Full credit for this recipe goes to Chris Kirby, the brains behind Ithica Cold Crafted, who casually whipped up what has become one of my all-time favorite salads out of a random assortment of ingredients from our shared vacation home refrigerator. We were lucky enough to spend the week with Chris and his wife Anne (one of my best and oldest friends) in Maui, mostly eating and lounging. This salad brings me right back to that magical tropical mindset, and I hope it does the same for you!
This is an incredibly simple dish, but it has the most incredible flavors and texture. Dicing the mango and vegetables into very small cubes is a necessary, if tedious, step, as it creates a salad where every bite is loaded with goodies. As with all of my recipes, substitution and experimentation are encouraged. Enjoy!
- 1/2 medium red onion, sliced into crescent slivers
- 1 mango, finely diced
- 1 cucumber, finely diced
- 1 avocado, finely diced
- about 6 cups spinach and arugula mixture (about 3 cups of each)

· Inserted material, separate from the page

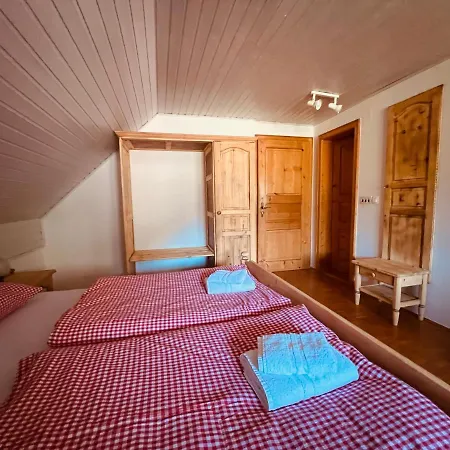 Appartamento Apartmaji Katrnjek *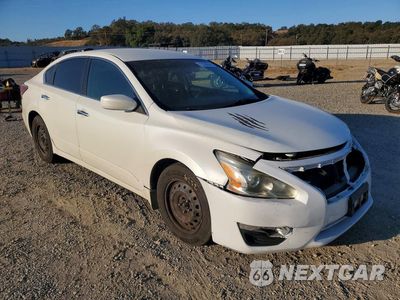 Czwarte zdjęcie samochodu z boku: 2014 NISSAN ALTIMA 2.5 S VIN:1N4AL3AP6EN349849 - miniatura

- 2 tablespoons rice vinegar
- 2 tablespoons olive oil
- 1/2 teaspoon salt
- pepper to taste
- handful of roasted pepitas or crushed macadamia nuts
Combine the onion, cucumber, mango, avocado, vinegar, olive oil, salt, and pepper. Stir and let marinade for at least 5 minutes.
Prepare a salad bowl with the spinach and arugula. Layer the greens with the mango mixture, and top with pepitas or crushed macadamias.
Toss the salad, and serve immediately.
*To make ahead, prepare the mango mixture, and store in the refrigerator until ready to top the greens and serve.